Ather Energy has spent a large sum of money on the new centre not just to test its products in extreme conditions, but also to manufacture them faster. For Tarun Mehta, CEO and co-founder, Ather Energy, it is “like software testing but for hardware”.
“The idea is to find the faults or find improvements that can be made, it could be incremental improvements to the manufacturing process not just the product but at a rapid pace,” he said.

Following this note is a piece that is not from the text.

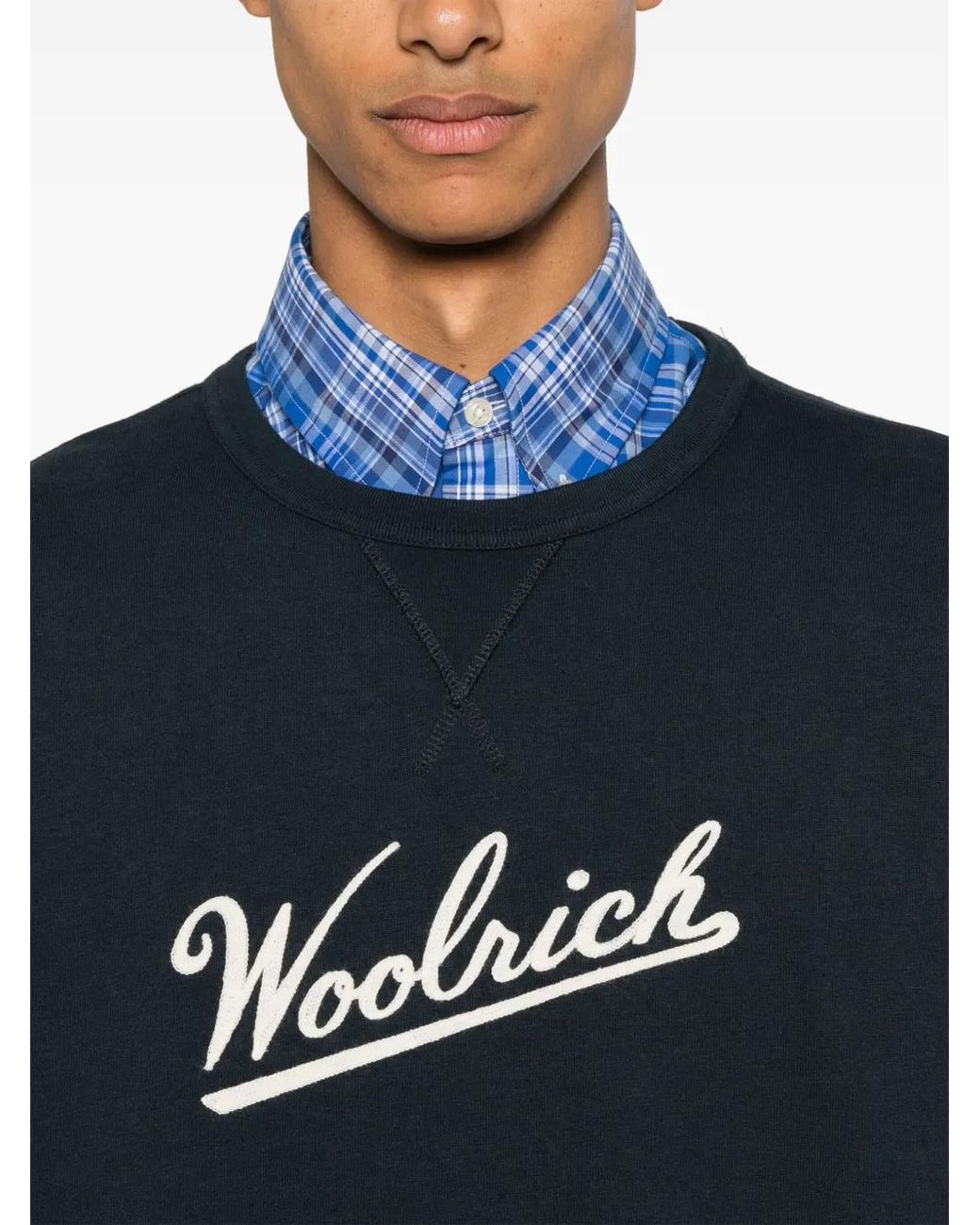 Woolrich Blue Embroidered-Logo Cotton T-Shirt for men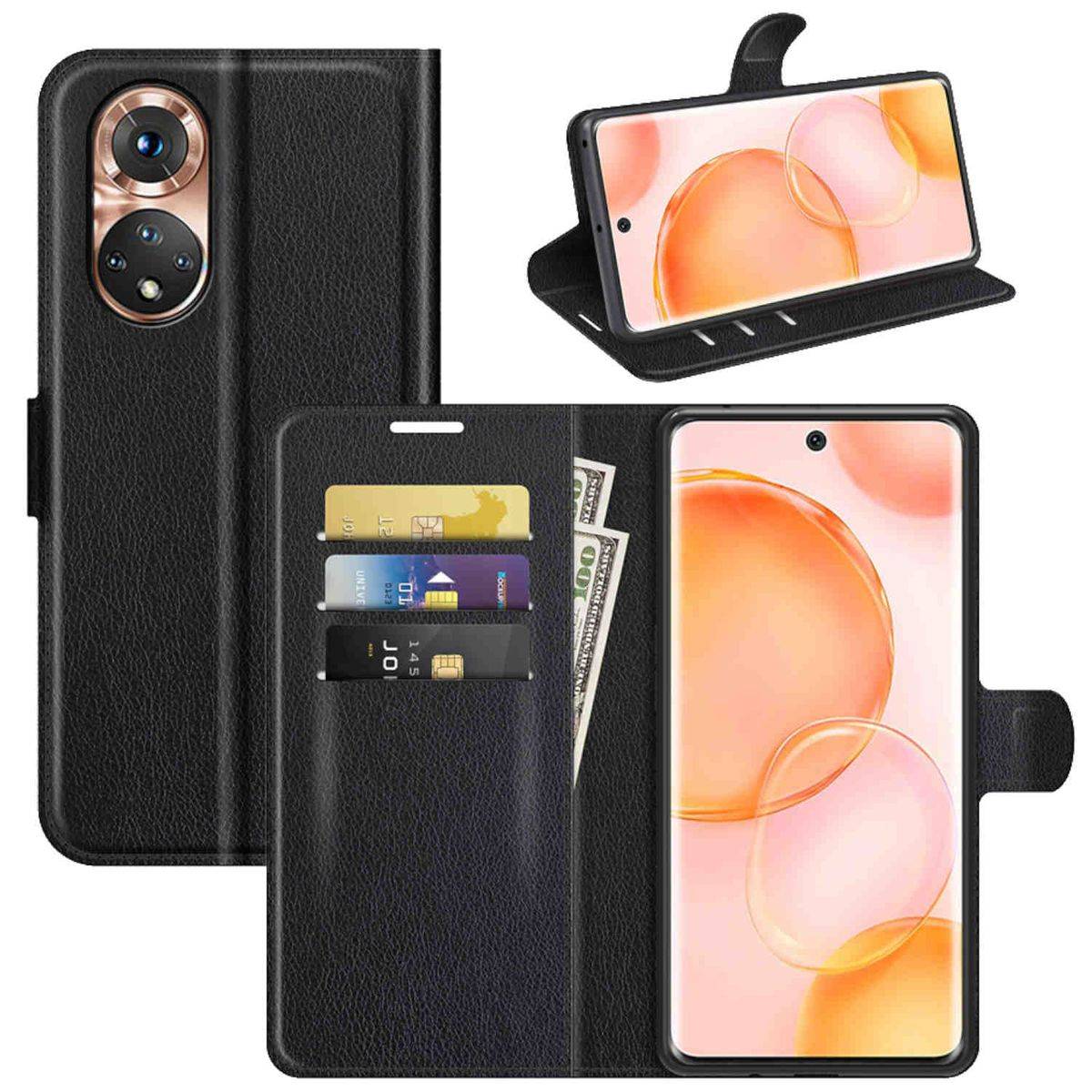 Für Honor 50 Pro Handy Tasche Wallet Premium Schutz Hülle Case Cover Etuis Neu Zubehör Schwarz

But this rapid rate of development has completely upended the automotive industry. Earlier, products used to be developed over years and components, including engines, stayed the same for generations, even decades. But, today, the manufacturing of two- and four-wheelers has become akin to that of consumer electronics, like smartphones. Think of it like a new mobile with an updated camera software that will also work on some older phones, provided they are just a couple of generations old.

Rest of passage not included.